▶ [WHAT YOU NEED TO DO]: When you output the records, match them exactly and omit any picture they include.

▶ [MATERIALS PROVIDED]:
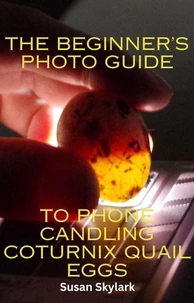 The Beginner's Photo Guide to Phone Candling Coturnix Quail Eggs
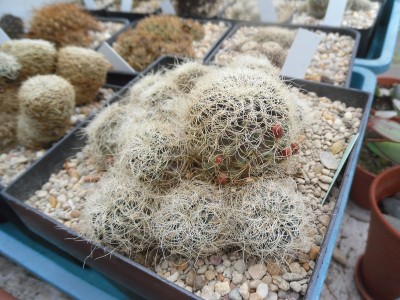 Sulcorebutia hertusii PHA 177KF 1-2016-1.JPG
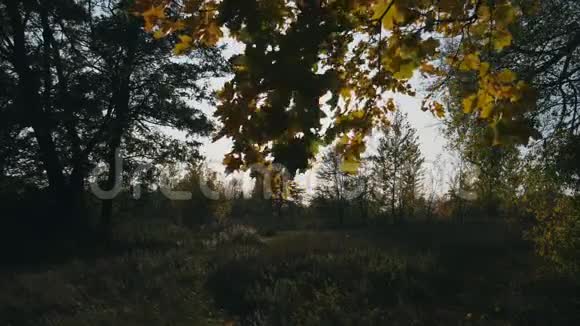 风搅动着树枝黄色的枫叶穿过阳光日落时秋天公园的景色视频的预览图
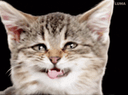 :silly_cat_laugh_cut:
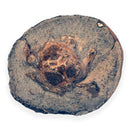Australian fossil crab ("Lignihomola etheridgei")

▶ [ANSWER BOX]:
 The Beginner's Photo Guide to Phone Candling Coturnix Quail Eggs
 Sulcorebutia hertusii PHA 177KF 1-2016-1.JPG
 风搅动着树枝黄色的枫叶穿过阳光日落时秋天公园的景色视频的预览图
 :silly_cat_laugh_cut:
Australian fossil crab ("Lignihomola etheridgei")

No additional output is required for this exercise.